» **WHAT TO PRODUCE**
Going from the line that contains "2011 Chrysler Town & Country Image 8" through the last line of the records, set down each line again exactly, both included, with pictures left out.

Web page caption snippets:
────────────────────
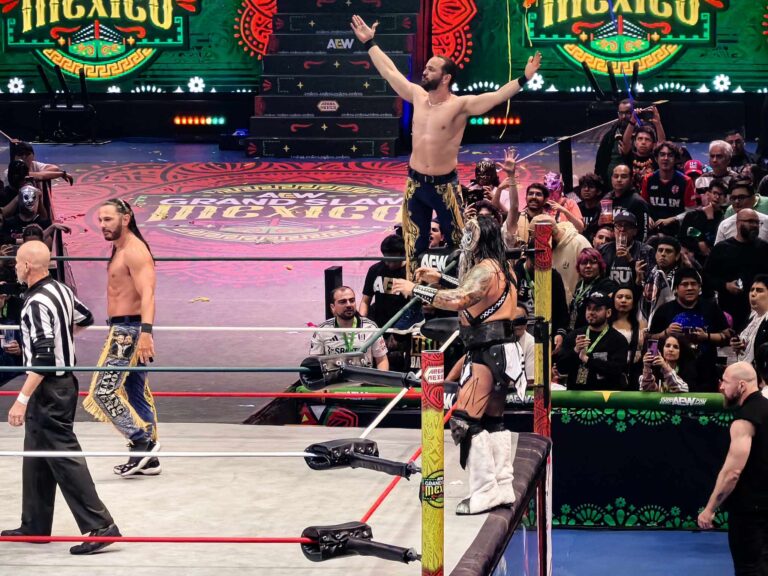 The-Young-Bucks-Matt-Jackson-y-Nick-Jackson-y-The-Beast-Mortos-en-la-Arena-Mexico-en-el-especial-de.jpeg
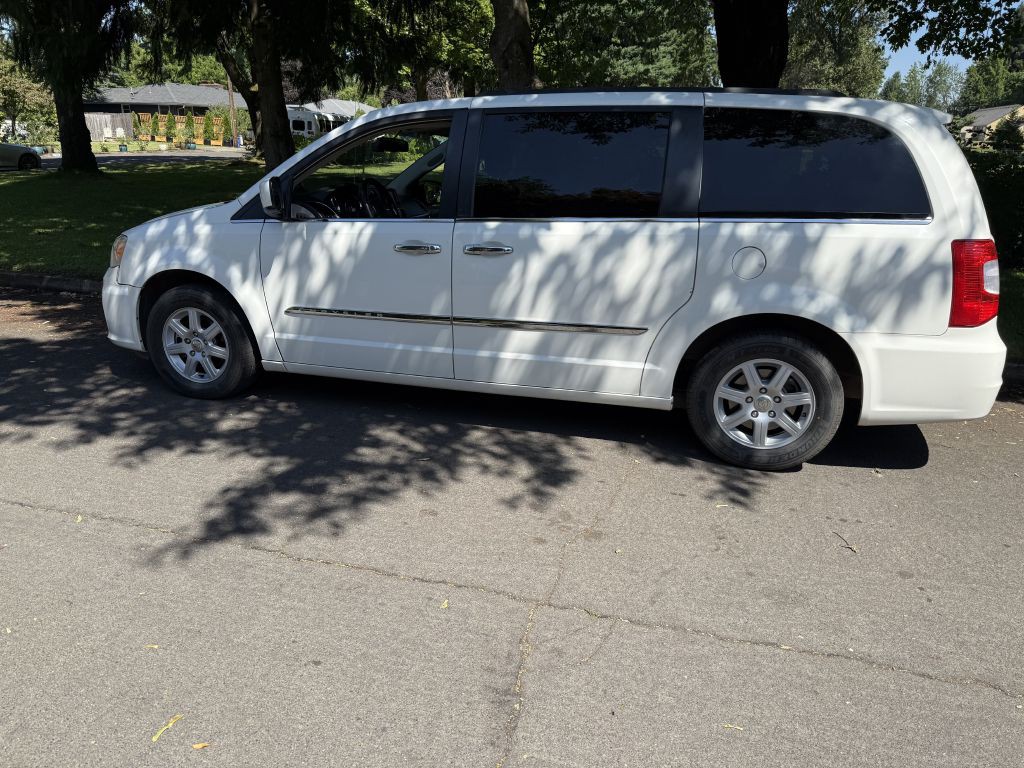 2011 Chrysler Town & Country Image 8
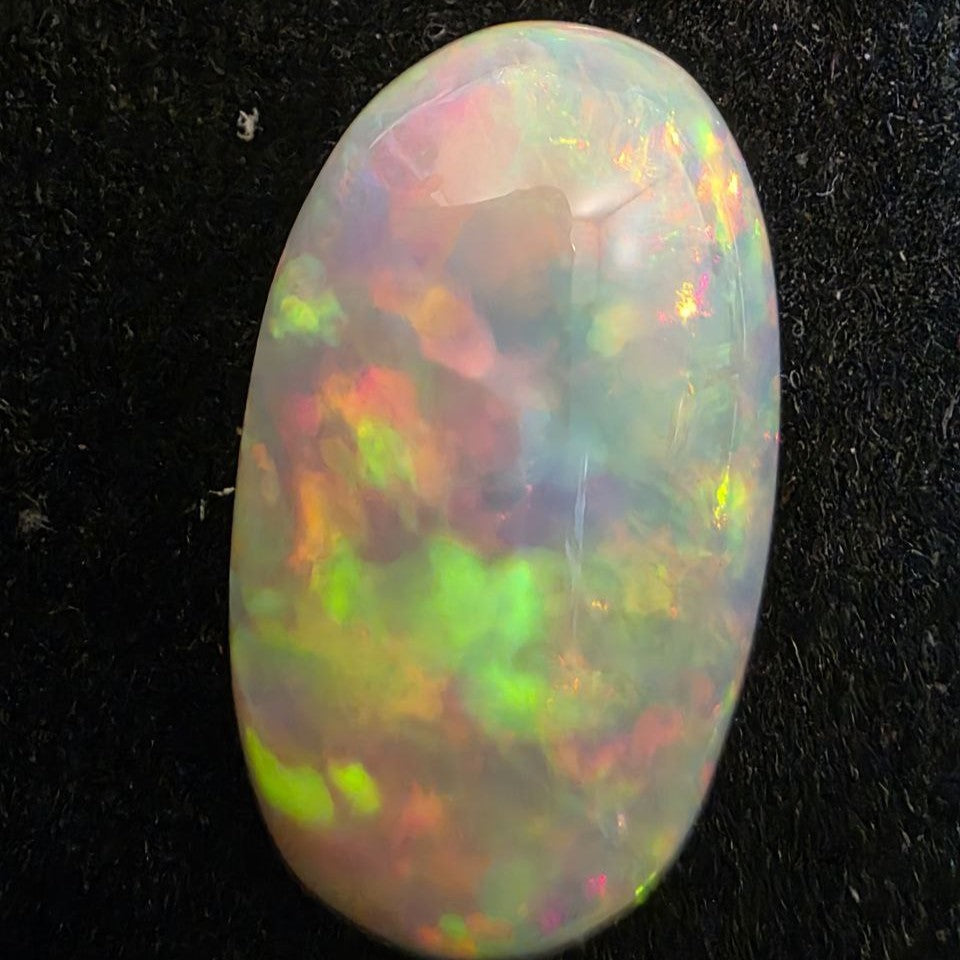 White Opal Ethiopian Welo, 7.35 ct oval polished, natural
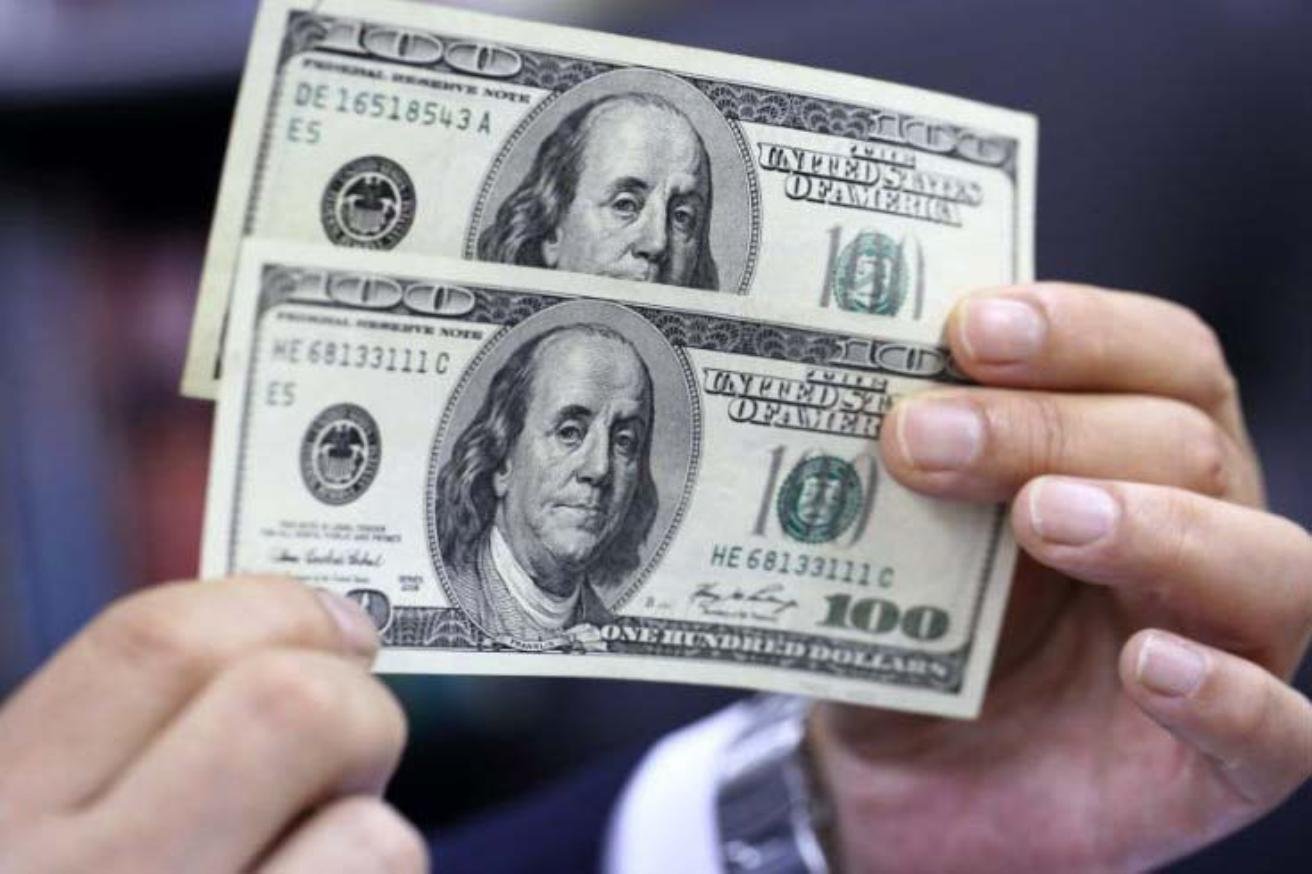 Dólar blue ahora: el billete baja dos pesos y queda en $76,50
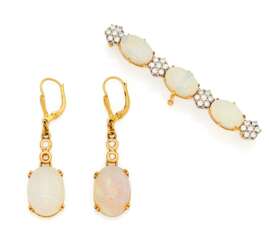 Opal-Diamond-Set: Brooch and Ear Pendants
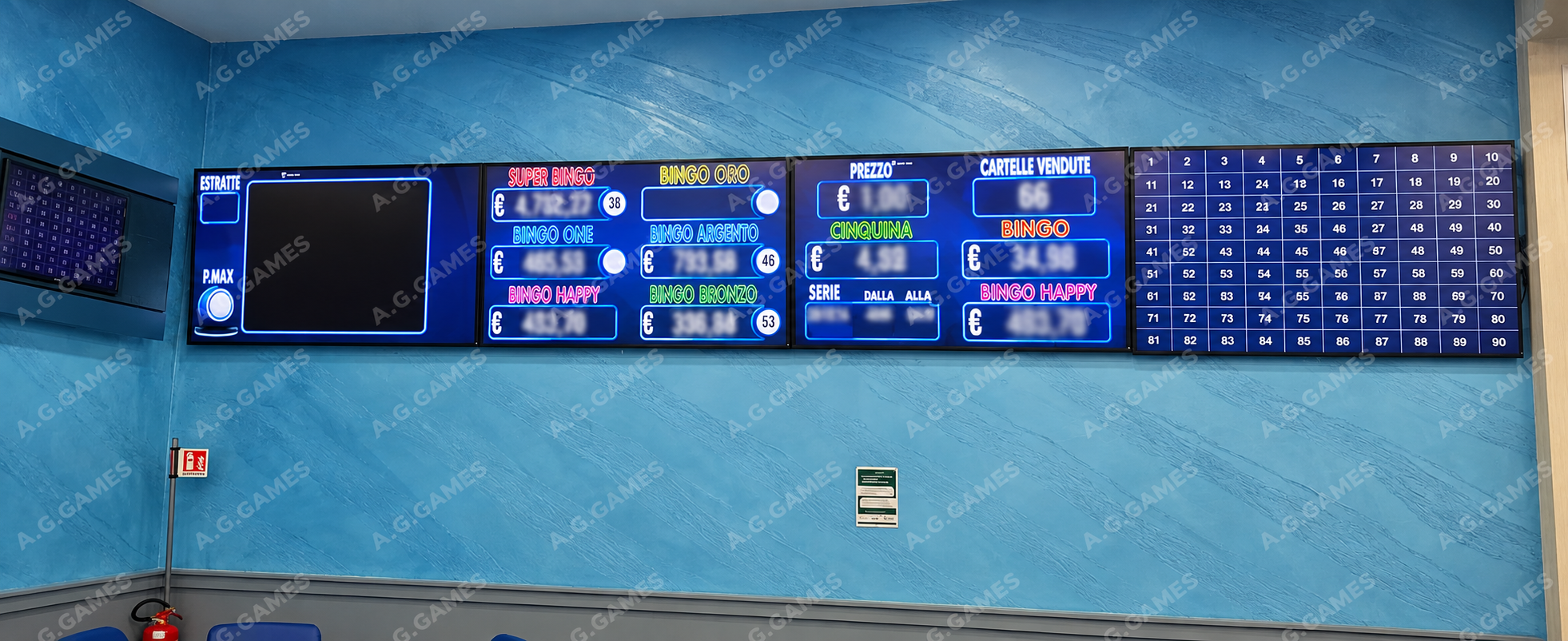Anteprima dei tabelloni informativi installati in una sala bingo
────────────────────
» **RESPONSE**
 2011 Chrysler Town & Country Image 8
 White Opal Ethiopian Welo, 7.35 ct oval polished, natural
 Dólar blue ahora: el billete baja dos pesos y queda en $76,50
 Opal-Diamond-Set: Brooch and Ear Pendants
Anteprima dei tabelloni informativi installati in una sala bingo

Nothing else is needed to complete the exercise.